### About this exercise
In the records below, find the line with "Udaipur City Palace", then retype it and every following line exactly, stopping after the line with "KatiaDivine webcam". Leave the pictures out.

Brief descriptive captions
_ _ _ _ _ _ _

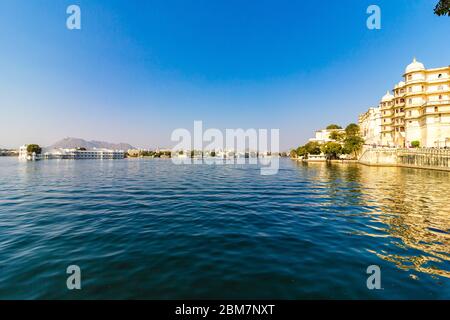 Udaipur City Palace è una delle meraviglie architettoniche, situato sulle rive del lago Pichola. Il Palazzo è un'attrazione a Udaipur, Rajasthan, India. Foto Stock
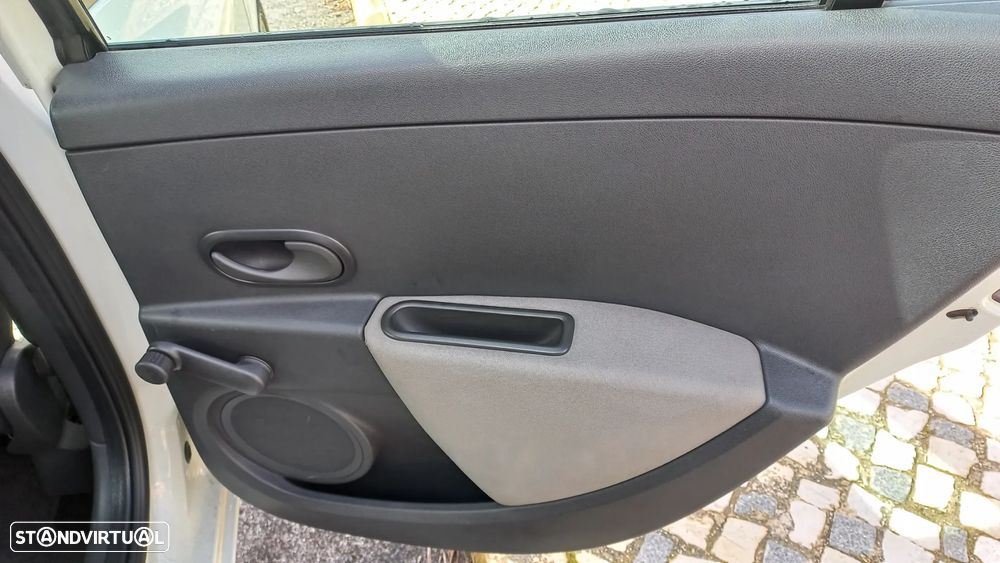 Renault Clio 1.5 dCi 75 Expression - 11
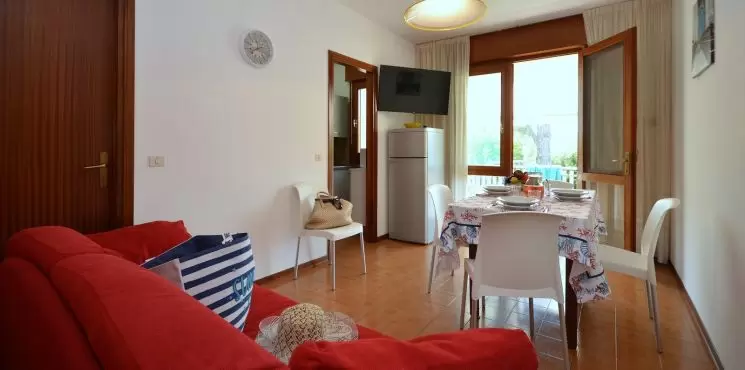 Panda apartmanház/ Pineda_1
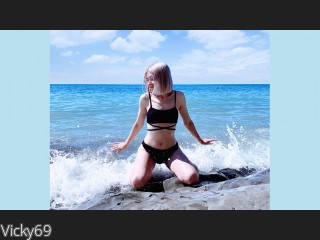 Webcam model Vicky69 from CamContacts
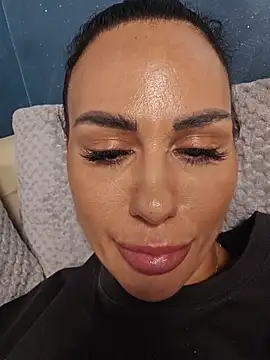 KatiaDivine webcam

_ _ _ _ _ _ _

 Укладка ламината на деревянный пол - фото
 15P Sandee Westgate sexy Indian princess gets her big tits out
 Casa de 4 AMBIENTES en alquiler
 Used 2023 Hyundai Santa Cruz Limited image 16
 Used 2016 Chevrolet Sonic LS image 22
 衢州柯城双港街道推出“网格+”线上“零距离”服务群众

_ _ _ _ _ _ _

### Output of the exercise
 Udaipur City Palace è una delle meraviglie architettoniche, situato sulle rive del lago Pichola. Il Palazzo è un'attrazione a Udaipur, Rajasthan, India. Foto Stock
 Renault Clio 1.5 dCi 75 Expression - 11
 Panda apartmanház/ Pineda_1
 Webcam model Vicky69 from CamContacts
 KatiaDivine webcam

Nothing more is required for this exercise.